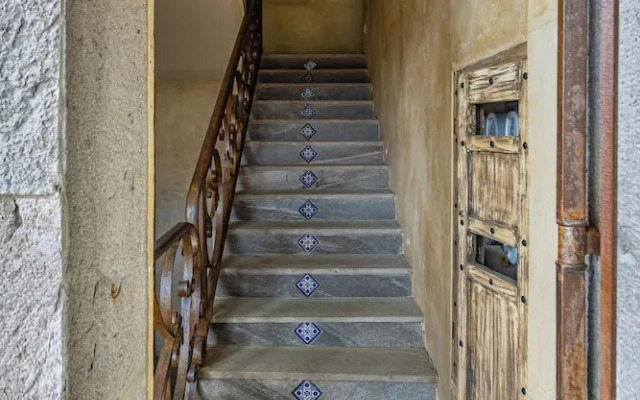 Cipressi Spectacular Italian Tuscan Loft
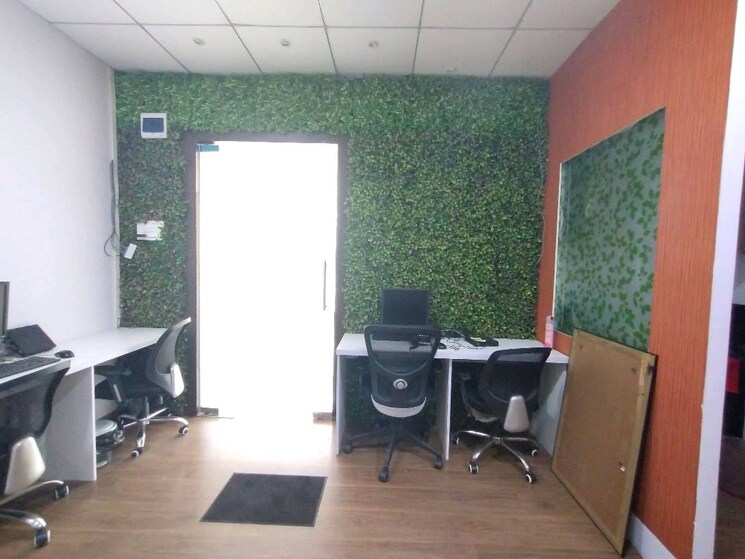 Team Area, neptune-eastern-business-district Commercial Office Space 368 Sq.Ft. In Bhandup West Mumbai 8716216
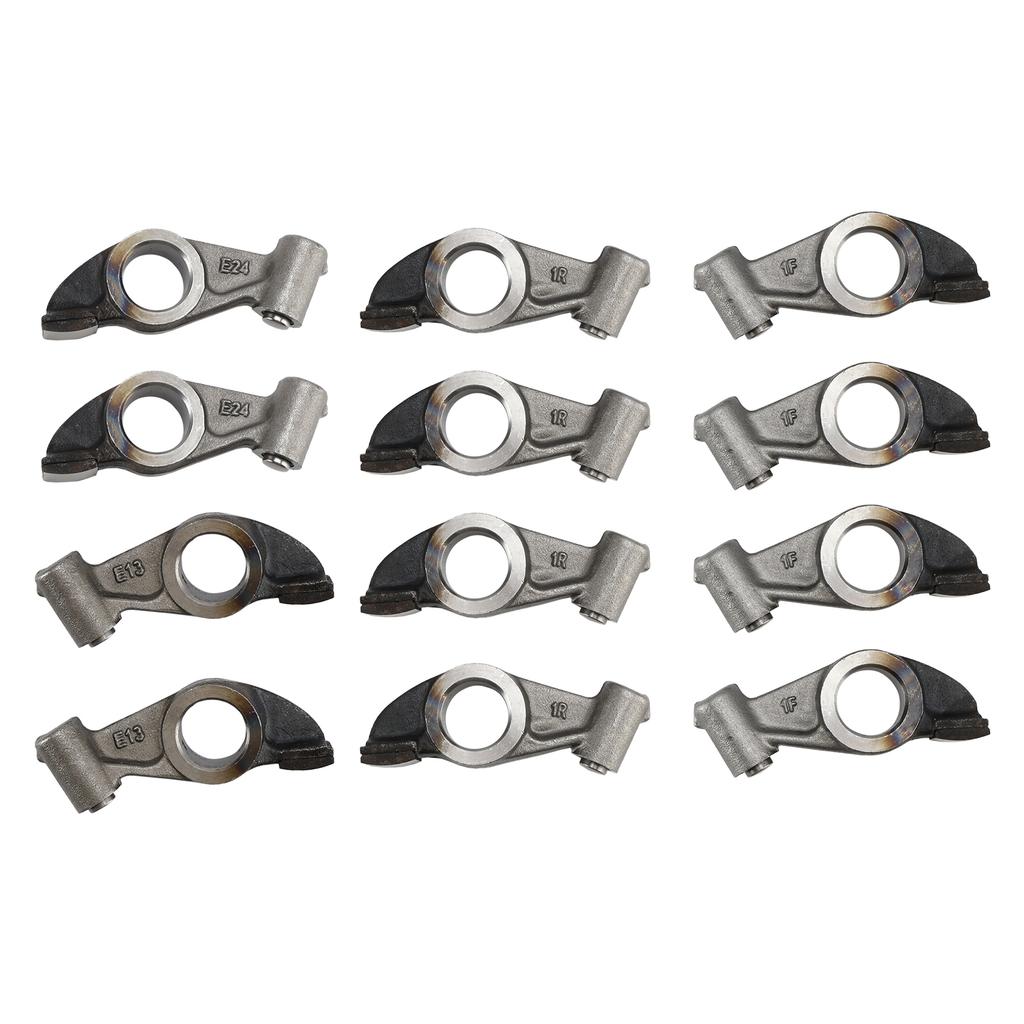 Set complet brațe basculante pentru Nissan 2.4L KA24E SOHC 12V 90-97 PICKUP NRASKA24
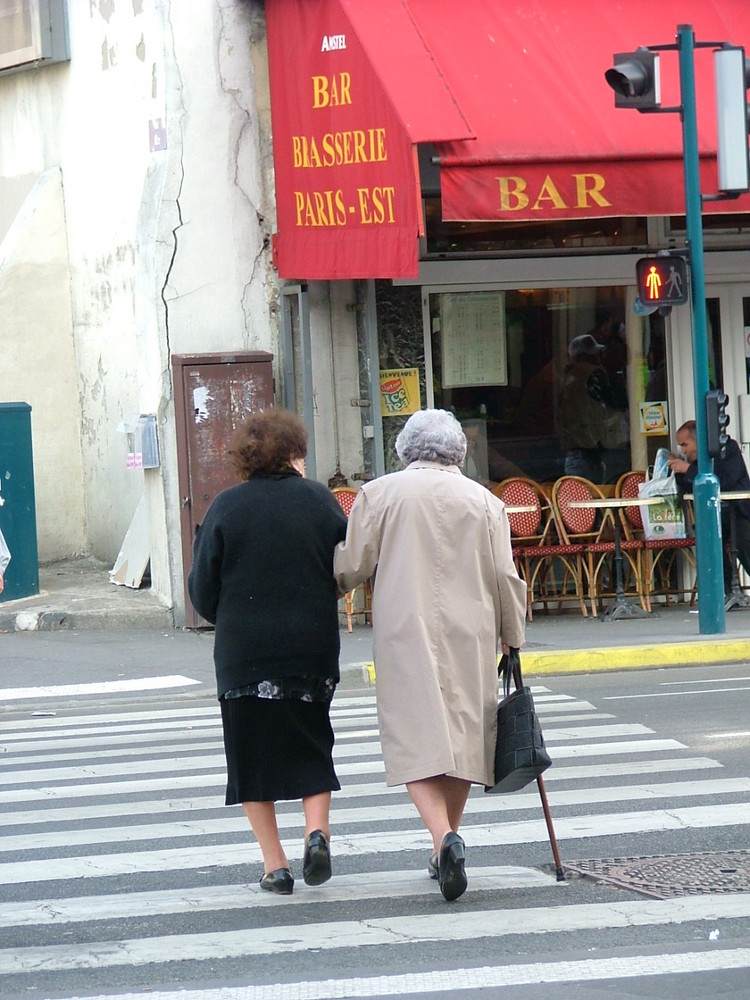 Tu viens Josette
• • • • •
▸ What the task requires:
Repeat the listing above word for word, omitting the pictures.

▸ Answer to the problem:
 Cipressi Spectacular Italian Tuscan Loft
 Team Area, neptune-eastern-business-district Commercial Office Space 368 Sq.Ft. In Bhandup West Mumbai 8716216
 Set complet brațe basculante pentru Nissan 2.4L KA24E SOHC 12V 90-97 PICKUP NRASKA24
 Tu viens Josette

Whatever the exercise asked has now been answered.